LLNL / pyorick

Run yorick from python
BSD 2-Clause "Simplified" License
3 stars 3 forks source link

Cannot quit yorick session properly #4

Closed Clemovski closed 10 months ago

Clemovski commented 11 months ago

Goodmorning,

I'm using the latest version of pyorick and yorick 2.2.04x. My problem is yorick cannot quit properly and throws an error every time I use Pyorick. (Quitting from a Yorick session itself does not cause any problem. Only from Python.) Here is a sample from a Python session and its associated error. Is there something I can do ?

Thank you.

Python 3.8.10 (default, Jun  2 2021, 10:49:15) 
[GCC 9.4.0] on linux
Type "help", "copyright", "credits" or "license" for more information.
>>> from pyorick import *
>>> p=Yorick()
>>> p.call.quit()

Traceback (most recent call last):
  File "<stdin>", line 1, in <module>
  File "/home/xxx/.local/lib/python3.8/site-packages/pyorick/pyorick.py", line 360, in __call__
    self.bare._reqrep(ID_SUBCALL, self.name, *args, **kwargs)
  File "/home/xxx/.local/lib/python3.8/site-packages/pyorick/pyorick.py", line 214, in _reqrep
    reply = reply.decode()
  File "/home/xxx/.local/lib/python3.8/site-packages/pyorick/pyorick.py", line 686, in decode
    return codec.idtable[self.packets[0][0]].decoder(self)
  File "/home/xxx/.local/lib/python3.8/site-packages/pyorick/pyorick.py", line 938, in narray
    return msg.packets[pos]
IndexError: list index out of range
>>>
dhmunro commented 11 months ago

I can't reproduce this (python 3.8.16, yorick 2.2.04x). You'll need to do some more debugging.

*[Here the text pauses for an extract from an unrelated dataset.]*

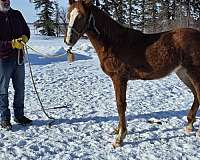 blaze-horse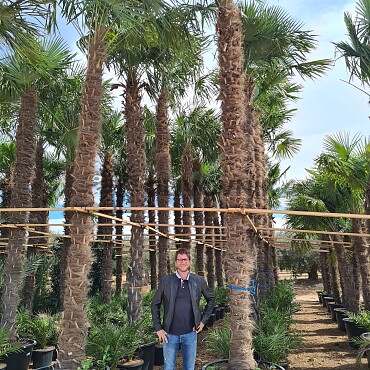 Trachycarpus Fortunei - mrazuvzdorná palma (-17C)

Since you got p=Yorick() the first thing to try is p.debug() However, this will call p.reqrep which is broken for you, so it probably won't work. You can try

p.v.pydebug=1 p._debug=True

If these succeed, you should get a bit more output on what happens with other commands like p.c.quit(). If that doesn't work, you have to do a lot more work to figure out why the pipes between python and yorick are not working for you. This probably requires stepping through your python call with pdb.run("p.call.quit()") to see exactly what is being sent and received through the yorick pipes. The pyorick.PipeProcess class is where most of this happens, so you're going to have to understand at least this much of the python. On the yorick side, you may need to edit pyorick.i0 to turn on pydebug; possibly at the bottom of the pyorick function, which is the command p.Yorick() sends, and which is the last thing that apparently succeeded.

There are five file descriptors that potentially have traffic: yorick's stdin, stdout, and stderr (which should be connected to python's stdout so you just see it), plus the binary input and output pipes python creates before starting yorick. The protocol is hand-rolled, and I don't remember it well enough to have any suggestions. Hopefully it is simple enough that you can figure out what is broken for you. I'm running on a Linux Mint 21.2 machine (more or less Ubuntu 22.04) with Anaconda python and the latest yorick from github.com/LLNL and it just works for me.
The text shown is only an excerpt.